The 5 Keys to Reduced Stress Driving

Driving Practices

If done with the wrong mentality, operating a CVM on the public roadway can be a high stress job. Excessive stress can manifest as road rage and aggressive driving if not managed properly. As the face of our company, we always expect all our drivers to operate safely and with the highest level of professionalism. It is important for any driver to keep stress levels and their ego in check. Here are 5 key ways to reduce your stress levels when operating on a public roadway.

  1. Aim high in steering
  • Look ahead at least 15 seconds to where you are going. Giving yourself 15 seconds of “eye lead time” is essential for picking up advanced warning signs of changing conditions.
  • Advanced warning to changing conditions helps keep you from encountering starling surprises that might trigger a stressful fight or flight response. The advanced warning also gives you a chance to prepare for the actions of drivers around you who did not plan ahead.
  1. Get the big picture
  • Maintain at least 4 seconds of following distance between you and the vehicle in front of you and check at least one of your mirrors every 5 to 8 seconds.
  • By maintaining a following distance to at least 4 seconds you give yourself plenty of time to react to the actions of the vehicles around you.
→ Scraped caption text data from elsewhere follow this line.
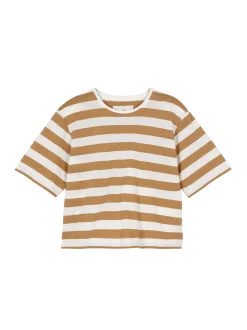 Kurzarmshirt aus Bio Baumwolle(rattan/offwhite ringel, L)
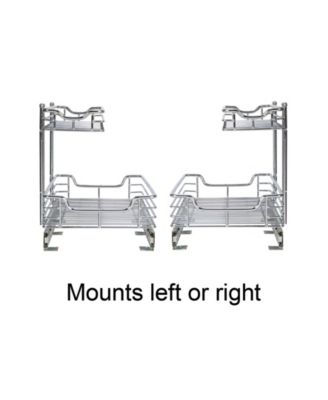 Glidez Multipurpose Chrome-Plated Steel Pull-Out/Slide-Out Storage Organizer for Under Sink or Under Cabinet 2-Tier Design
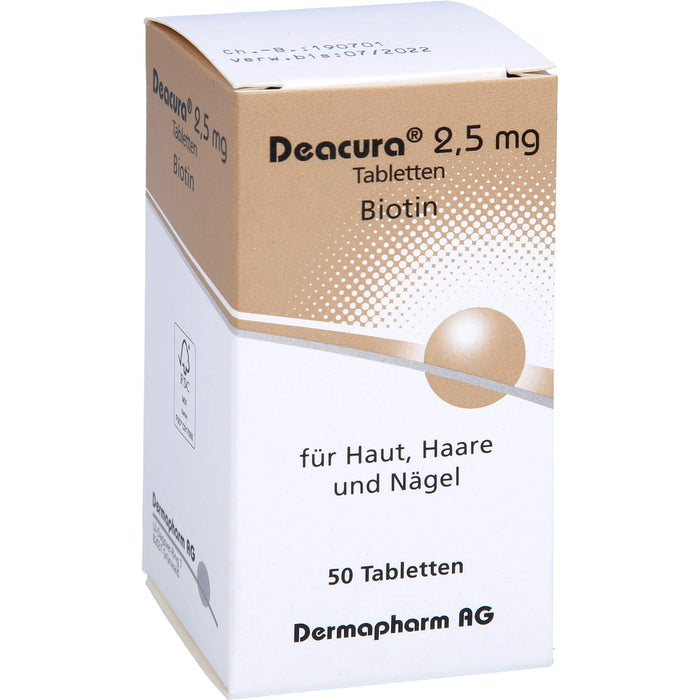 Deacura 2,5 mg Tabletten für Haut, Haare und Nägel, 50 pcs. Tablets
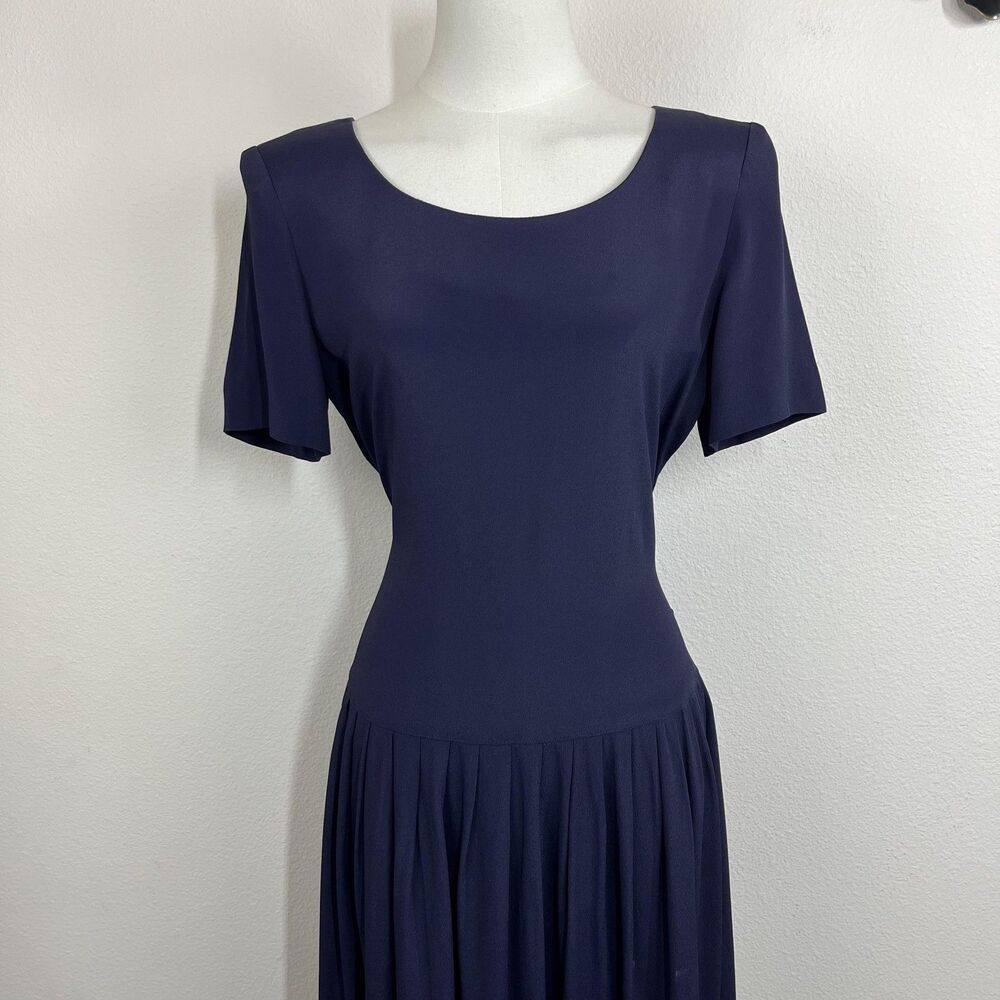 Vintage Donna Ricco Dress Womens 4 Blue Fit Flare Midi Bow 90s Party Wedding - Picture 3 of 9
Conversely when you are following too closely you tend to hyper focus on the vehicle in front of you. This type of hype focus can be mentally taxing and very stressful.
  1. Keep your eyes moving
  • Change your focus and move your eyes frequently. Eye movement and activity stimulate the brain and prevent staring. Staring can be absent minded or focused and will often cause you to lose track of relevant objects in the area.
  1. Leave yourself an out
  • The safest position in traffic is where you have the fewest vehicles around you. It is generally when we feel our environment is uncertain and when we feel we have the least control that we at our highest levels of stress. When we operate in space we feel most certain and in control making our environment less stressful.
  1. Make sure they see you
  • Seek eye contact or other definite acknowledgment from the other drivers before executing your maneuver. You may find it hard to believe that they don’t see a tractor trailer in their line of sight, but if they are staring they might not notice you.
  • Always use your turn signals and other warning devices appropriately. You want to alert the other vehicles around you of your next intended maneuver with enough time for them to adjust. Don’t be afraid to engage your horn if necessary to make sure they see you.

Observing the five keys while operating your vehicle will help reduce on the job stressors that can trigger irrational responses to everyday occurrences commonly referred to as “road rage”. However, even if you are doing everything in your power to avoid and manage your own stress there isn’t much you can do for the rest of the motoring public. When you identify other drivers operating aggressively or in a reckless manner there are a few things to remember:

  • Don’t provoke or be provoked. They are trying to illicit a response. Don’t give them the satisfaction.
  • Give them a wide berth. Slow down and let them pass you by.
  • Never make obscene gestures or use your horn in anger.
  • Never engage in any form of physical confrontation. They are never worth it and can sometime escalate beyond control.

According to findings from the American Transportation Research Institute (ATRI) drivers who have been convicted of aggressive behaviors like reckless/careless/inattentive/negligent driving are 64% more likely to be involved in a crash. For any commercial driver, operating safely and professionally needs to be your first priority. Driving is not a competition. Leave the ego at home. If another driver is acting aggressively, don’t take their challenge. Just back off and live to drive another day!